I have not Googled it.
Okay, because you would have probably been a little confused, because if you Google it, you’re going to come across a television show called Ren and Stimpy. Do you remember Ren and Stimpy?
Yeah, I mean, I absolutely do.
And that’s where the term originated. There was a 1991 segment of the Ren and Stimpy cartoon. Remember these two little weird nut balls? Just the goofiest show you ever wanted to see. I think one of them was a chihuahua. What was the other one?
I don’t remember.
He was a cat.
A cat, yeah. Anyway, in this segment, they have a holiday called Yak Shaving Day where they hang diapers, they shove coleslaw into rubber boots, and they wait for the shaven yak to float by. And it’s ridiculous and hilarious, of course, because the show was somebody’s fever dream. I don’t know what else to say about Riddin’ Stimpy. It was the weirdest thing.
In any case, I guess it caught someone’s fancy. And by 2002, this expression, yak shaving, had really kind of held its place in the tech world to mean a couple different things, not just the way you used it, but to not just mean you doing a lot of small stuff, but also sometimes doing useless stuff instead of what you should be doing. And meaning the small stuff you have to do before you can do the work you want to do or the work that’s really important. So it’s always about kind of stuff getting away of the real thing or the big thing.
But in any case, it did come from that cartoon, Ren and Stimpy, this weird, weird show about shaving a yak. I don’t really know.
That is hilarious.
Yeah, and it wasn’t just that one episode. They also had a video game about yak shaving. It came up more than once, and there’s a song, and it’s really delirious.
Yeah, I think that definitely fits how it seems to be used colloquially here. Everybody seems to use it. For a team of like 40 people, and I had no idea, like, what does this mean?

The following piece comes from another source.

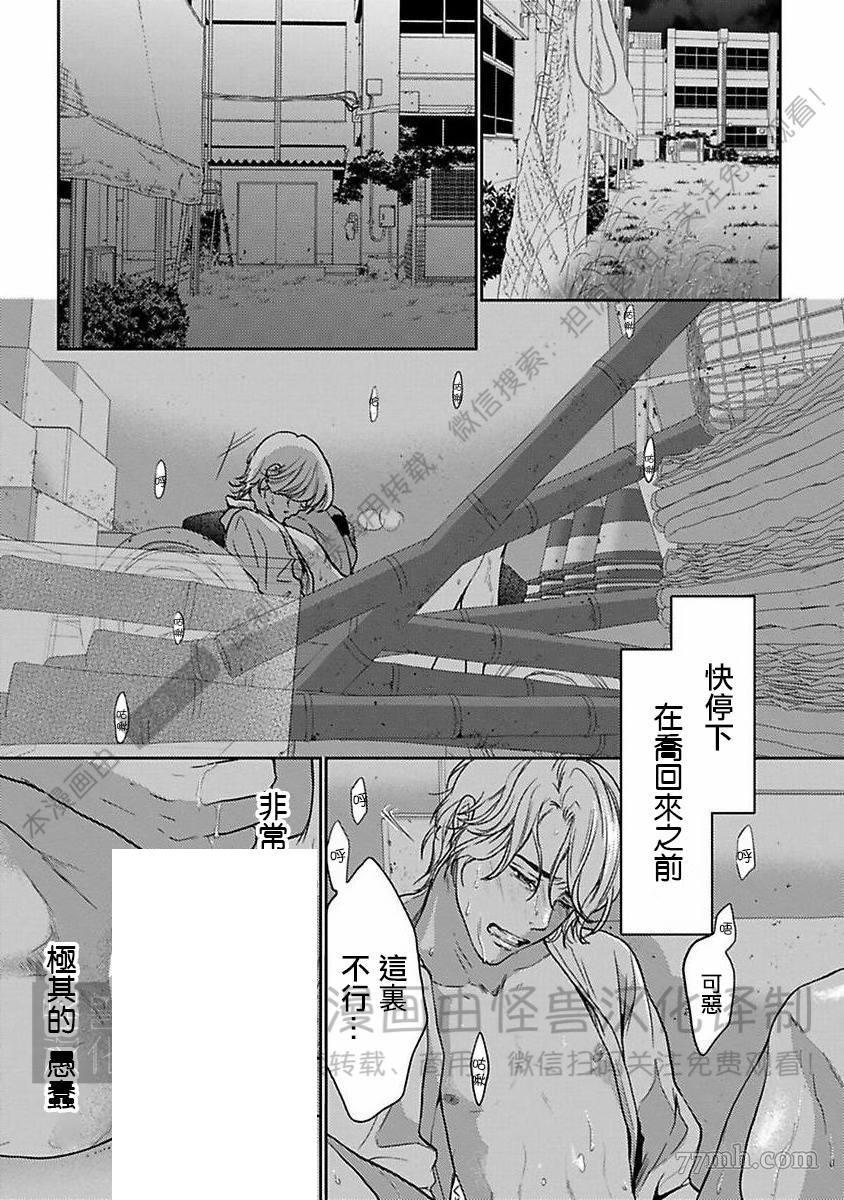 《我们的伊甸园不信神明》漫画最新章节第1卷免费下拉式在线观看章节第【62】张图片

Well, it’s so evocative. You know, you don’t even need to know the etymology. I mean, it’s really cool to know the etymology, but just picturing shaving a yak. And that’s exactly the way they use it is like, hey, I really want to work on your cool thing, but, you know, I got to get through patching all these machines, and it’s going to take the rest of today and tomorrow, so I’m, you know, yak shaving.

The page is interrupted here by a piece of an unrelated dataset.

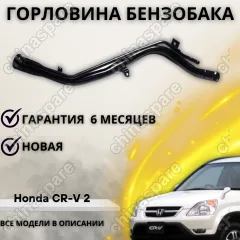 Горловина топливного бака Honda CR-V II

Yeah, shaving coleslaw into rubber boots.
Yeah.
That’s it.
Yeah, I like that one too. Greg, thanks for sharing that. Take care of yourself.
Plains from your workplace.
Thanks, guys.
All right, bye-bye.
You know, I went to a muskox farm outside of Anchorage, Alaska, and I know they’re not the same animals, so nobody needs to correct me on that, but, boy, just imagining shaving one of those with my little Gillette. What a great expression.
We’d love to hear about the language and jargon from your workplace, so call us 877-929-9673 or share your stories in email to words@waywordradio.org.


In the sublimely absurdist W.C. Fields short The Fatal Glass of Beer (1933), chockablock with everything from Yukon lore to prodigal-son/temperance morality plays by way of the Salvation Army, to blizzard-defying derring-do (“It ain’t a fit night out for man or beast” says the cabinbound patriarch Fields upon opening the door, times without number, as Nature replies each time with a fistful of flung snow in his face), Fields says, “I think I’ll go out and milk the elk.” I am no end abashed to have to correct my having mistaken “yak” for “elk.”